Jeszcze do niedawna, jednym z głośniejszych tematów związanych z Bayernem Monachium była umowa z katarskimi liniami lotniczymi Qatar Airways.
To właśnie ta umowa z Katarczykami była powodem wielkiego zamieszania i chaotycznego Dorocznego Walnego Zgromadzenia Bayernu w 2021 roku.
Od tamtej pory w mediach co rusz powracał temat zerwania lub przedłużenia kontraktu z Qatar Airways, na mocy którego bawarski klub ma inkasować rocznie około 25 milionów euro (logo katarskich linii lotniczych widnieje na rękawach koszulek FCB).
Niemniej jednak coraz więcej wskazuje na to, że wygasająca w czerwcu umowa, nie zostanie przedłużona, o czym już informują liczne źródła w Niemczech.
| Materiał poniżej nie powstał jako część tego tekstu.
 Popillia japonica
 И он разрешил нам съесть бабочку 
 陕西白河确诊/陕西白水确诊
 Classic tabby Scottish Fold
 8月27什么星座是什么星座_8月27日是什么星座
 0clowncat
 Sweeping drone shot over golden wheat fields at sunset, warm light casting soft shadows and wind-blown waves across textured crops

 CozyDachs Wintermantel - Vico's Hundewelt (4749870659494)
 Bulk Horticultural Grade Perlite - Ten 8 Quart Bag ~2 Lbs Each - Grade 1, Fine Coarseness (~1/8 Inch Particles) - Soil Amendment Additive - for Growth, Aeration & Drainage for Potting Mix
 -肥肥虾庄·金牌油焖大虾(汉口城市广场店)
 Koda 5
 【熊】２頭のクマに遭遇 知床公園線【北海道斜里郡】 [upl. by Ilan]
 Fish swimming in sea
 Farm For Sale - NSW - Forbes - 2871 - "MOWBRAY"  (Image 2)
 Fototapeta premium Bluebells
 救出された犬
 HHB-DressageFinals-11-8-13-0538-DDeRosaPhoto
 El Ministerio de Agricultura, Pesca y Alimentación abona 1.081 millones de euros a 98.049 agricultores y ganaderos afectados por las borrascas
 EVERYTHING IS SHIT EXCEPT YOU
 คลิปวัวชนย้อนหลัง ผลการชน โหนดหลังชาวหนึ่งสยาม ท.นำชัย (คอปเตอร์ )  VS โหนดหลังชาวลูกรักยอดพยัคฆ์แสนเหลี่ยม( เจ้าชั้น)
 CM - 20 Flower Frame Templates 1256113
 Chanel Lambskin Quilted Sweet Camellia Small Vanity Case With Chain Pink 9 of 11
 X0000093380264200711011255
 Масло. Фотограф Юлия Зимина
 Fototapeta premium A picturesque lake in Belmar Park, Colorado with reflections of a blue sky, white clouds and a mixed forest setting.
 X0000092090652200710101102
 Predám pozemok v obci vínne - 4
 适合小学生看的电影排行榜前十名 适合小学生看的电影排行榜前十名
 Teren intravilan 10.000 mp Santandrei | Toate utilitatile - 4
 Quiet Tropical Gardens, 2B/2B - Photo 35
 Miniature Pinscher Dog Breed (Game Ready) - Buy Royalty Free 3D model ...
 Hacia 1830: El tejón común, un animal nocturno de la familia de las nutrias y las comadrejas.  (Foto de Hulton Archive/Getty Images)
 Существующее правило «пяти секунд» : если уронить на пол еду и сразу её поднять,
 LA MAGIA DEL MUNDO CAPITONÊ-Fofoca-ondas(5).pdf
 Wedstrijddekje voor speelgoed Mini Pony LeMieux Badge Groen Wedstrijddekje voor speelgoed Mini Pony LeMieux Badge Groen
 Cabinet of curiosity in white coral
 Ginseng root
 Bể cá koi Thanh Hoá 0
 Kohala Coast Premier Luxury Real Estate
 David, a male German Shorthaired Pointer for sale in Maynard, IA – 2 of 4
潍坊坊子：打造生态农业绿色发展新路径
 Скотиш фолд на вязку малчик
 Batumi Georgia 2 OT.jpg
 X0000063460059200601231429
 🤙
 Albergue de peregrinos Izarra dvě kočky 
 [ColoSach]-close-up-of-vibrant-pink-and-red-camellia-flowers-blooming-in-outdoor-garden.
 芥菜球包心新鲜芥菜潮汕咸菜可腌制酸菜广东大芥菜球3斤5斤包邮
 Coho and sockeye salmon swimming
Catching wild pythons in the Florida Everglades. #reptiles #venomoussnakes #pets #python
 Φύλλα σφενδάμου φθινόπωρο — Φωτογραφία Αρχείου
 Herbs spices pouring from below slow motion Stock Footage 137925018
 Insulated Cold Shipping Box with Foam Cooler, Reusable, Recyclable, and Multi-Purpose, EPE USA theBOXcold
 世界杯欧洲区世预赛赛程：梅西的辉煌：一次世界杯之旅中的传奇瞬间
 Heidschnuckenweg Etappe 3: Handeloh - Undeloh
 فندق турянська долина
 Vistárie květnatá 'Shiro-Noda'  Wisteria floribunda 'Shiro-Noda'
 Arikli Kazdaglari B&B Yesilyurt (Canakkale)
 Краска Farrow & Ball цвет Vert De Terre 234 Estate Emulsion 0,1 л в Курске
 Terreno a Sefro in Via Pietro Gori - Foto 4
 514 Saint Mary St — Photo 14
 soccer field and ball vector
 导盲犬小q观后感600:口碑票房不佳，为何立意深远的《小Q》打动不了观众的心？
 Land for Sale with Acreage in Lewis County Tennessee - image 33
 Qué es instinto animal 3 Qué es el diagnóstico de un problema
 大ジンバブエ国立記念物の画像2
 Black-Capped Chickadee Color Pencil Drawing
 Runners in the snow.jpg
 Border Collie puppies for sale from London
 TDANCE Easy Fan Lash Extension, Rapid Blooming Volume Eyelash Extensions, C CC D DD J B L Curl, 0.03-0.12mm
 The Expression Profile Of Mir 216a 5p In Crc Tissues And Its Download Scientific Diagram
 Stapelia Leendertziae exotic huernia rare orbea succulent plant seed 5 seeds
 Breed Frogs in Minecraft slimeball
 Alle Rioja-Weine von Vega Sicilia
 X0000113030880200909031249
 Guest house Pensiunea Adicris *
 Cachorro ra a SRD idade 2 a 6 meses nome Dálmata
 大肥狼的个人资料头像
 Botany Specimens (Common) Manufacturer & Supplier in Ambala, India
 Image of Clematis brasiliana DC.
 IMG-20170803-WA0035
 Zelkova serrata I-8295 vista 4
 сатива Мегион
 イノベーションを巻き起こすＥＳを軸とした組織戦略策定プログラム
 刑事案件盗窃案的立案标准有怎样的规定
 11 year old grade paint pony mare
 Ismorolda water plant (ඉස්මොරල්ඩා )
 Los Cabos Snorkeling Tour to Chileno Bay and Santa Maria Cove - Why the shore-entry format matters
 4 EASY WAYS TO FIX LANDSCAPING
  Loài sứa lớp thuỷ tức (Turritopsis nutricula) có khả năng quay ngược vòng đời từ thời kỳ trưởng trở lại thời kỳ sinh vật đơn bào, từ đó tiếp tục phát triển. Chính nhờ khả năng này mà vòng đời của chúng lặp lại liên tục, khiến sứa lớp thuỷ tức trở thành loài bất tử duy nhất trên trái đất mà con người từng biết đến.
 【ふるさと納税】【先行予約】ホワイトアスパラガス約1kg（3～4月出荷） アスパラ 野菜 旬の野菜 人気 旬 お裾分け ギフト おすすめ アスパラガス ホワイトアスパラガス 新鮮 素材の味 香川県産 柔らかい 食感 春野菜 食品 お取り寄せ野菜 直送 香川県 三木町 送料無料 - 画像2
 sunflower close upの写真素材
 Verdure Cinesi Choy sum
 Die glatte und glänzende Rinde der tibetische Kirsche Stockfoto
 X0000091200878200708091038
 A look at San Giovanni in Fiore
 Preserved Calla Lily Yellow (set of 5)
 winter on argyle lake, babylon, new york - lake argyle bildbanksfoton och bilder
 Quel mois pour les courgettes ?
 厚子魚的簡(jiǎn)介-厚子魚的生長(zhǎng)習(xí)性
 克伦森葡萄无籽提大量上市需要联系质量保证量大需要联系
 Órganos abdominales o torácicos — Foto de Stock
Po tym jak kilka dni temu tygodnik „Sport Bild” poinformował, że szanse na osiągnięcie porozumienia są nikłe z racji na ostatnie wydarzenia na mundialu (zachowanie i protesty zawodników niemieckiej reprezentacji narodowej), tym razem podobne doniesienia przedstawił „RAN”.
Dziennikarze donoszą, że choć rozmowy kontraktowe zaplanowano na początek 2023 roku, to obecnie nie należy spodziewać się, że wszystkie strony dojdą do porozumienia. Co więcej rzecznik prasowy katarskich linii lotniczych zapytany o niechęć Katarczyków do zawarcia nowego kontraktu na tych samych warunkach, odmówił udzielenia komentarza.